INFORMATION PROVIDED:
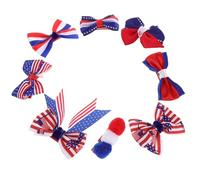 Abaodam American Flag Hair Clips with Secure Hold and Versatile 8pcs Patriotic Accessories Red White Striped Polyester and Metal Clips for Independence Day Celebration for Women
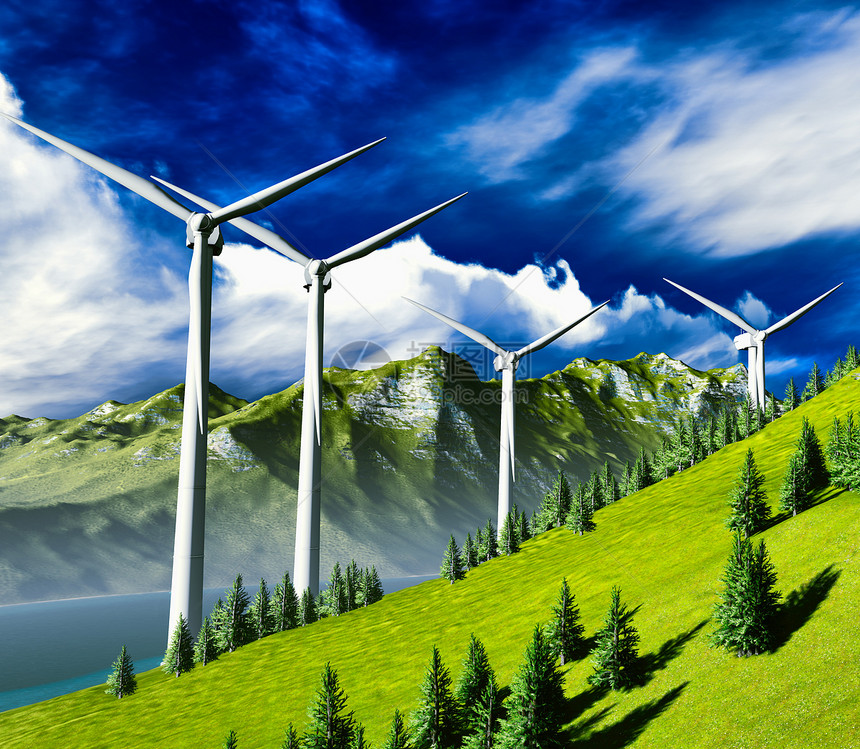 岸上风力涡轮机转子技术活力植物发电机涡轮力量公园环境生态图片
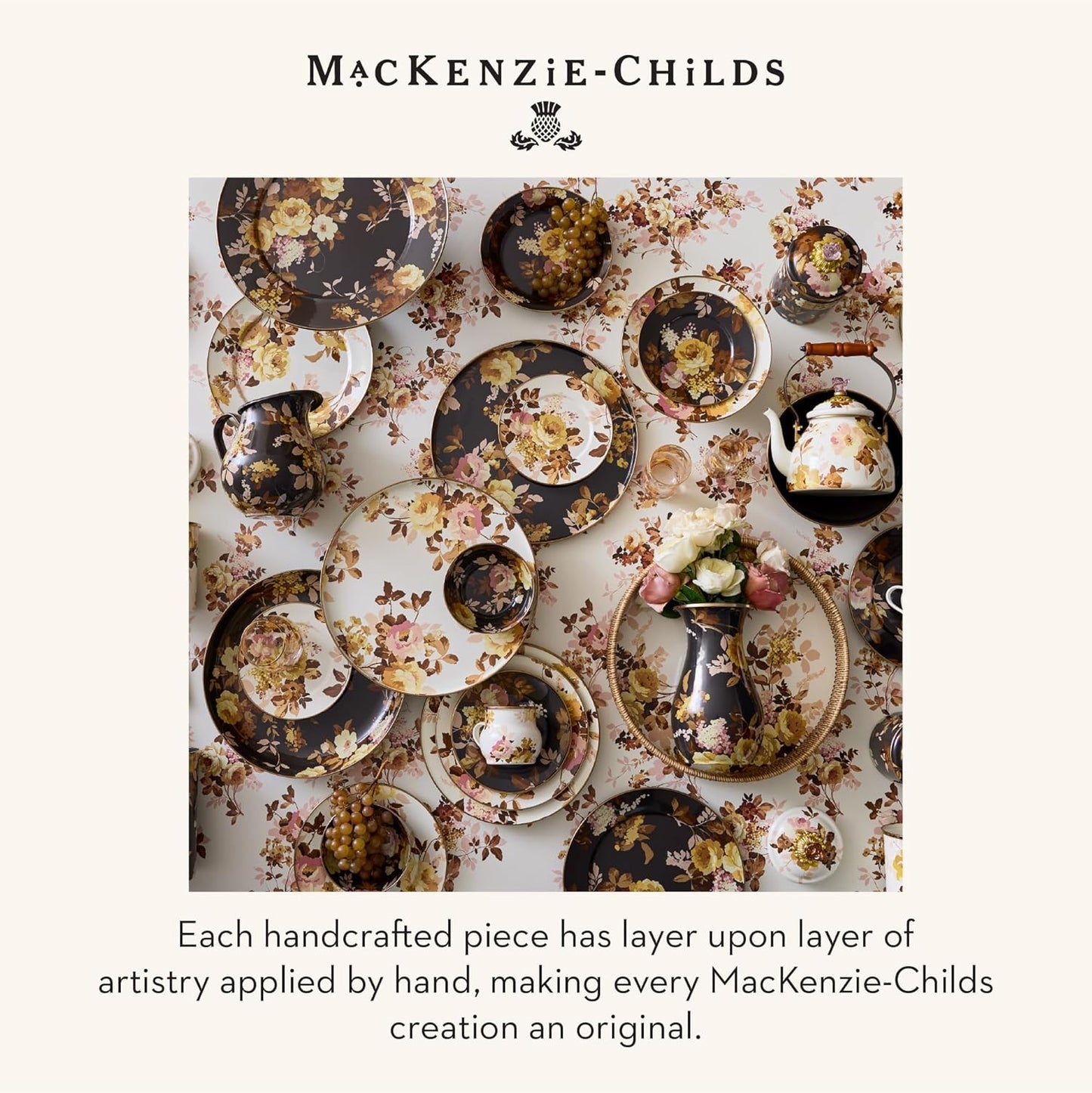 MACKENZIE-CHILDS Enamel Round Tray, Unique Serving Platter for Food and Drinks, Wild Rose White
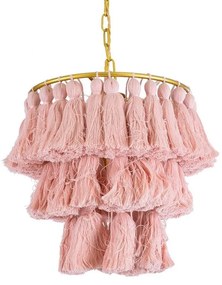 Φωτιστικό Οροφής Κρεμαστό Missoula 02086 Boho 1xE27 IP20 30x40cm Pink GloboStar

EXERCISE REQUIREMENTS:
Return all the material exactly, skipping pictures.

OUTPUT BELOW:
 Abaodam American Flag Hair Clips with Secure Hold and Versatile 8pcs Patriotic Accessories Red White Striped Polyester and Metal Clips for Independence Day Celebration for Women
 岸上风力涡轮机转子技术活力植物发电机涡轮力量公园环境生态图片
 MACKENZIE-CHILDS Enamel Round Tray, Unique Serving Platter for Food and Drinks, Wild Rose White
 Φωτιστικό Οροφής Κρεμαστό Missoula 02086 Boho 1xE27 IP20 30x40cm Pink GloboStar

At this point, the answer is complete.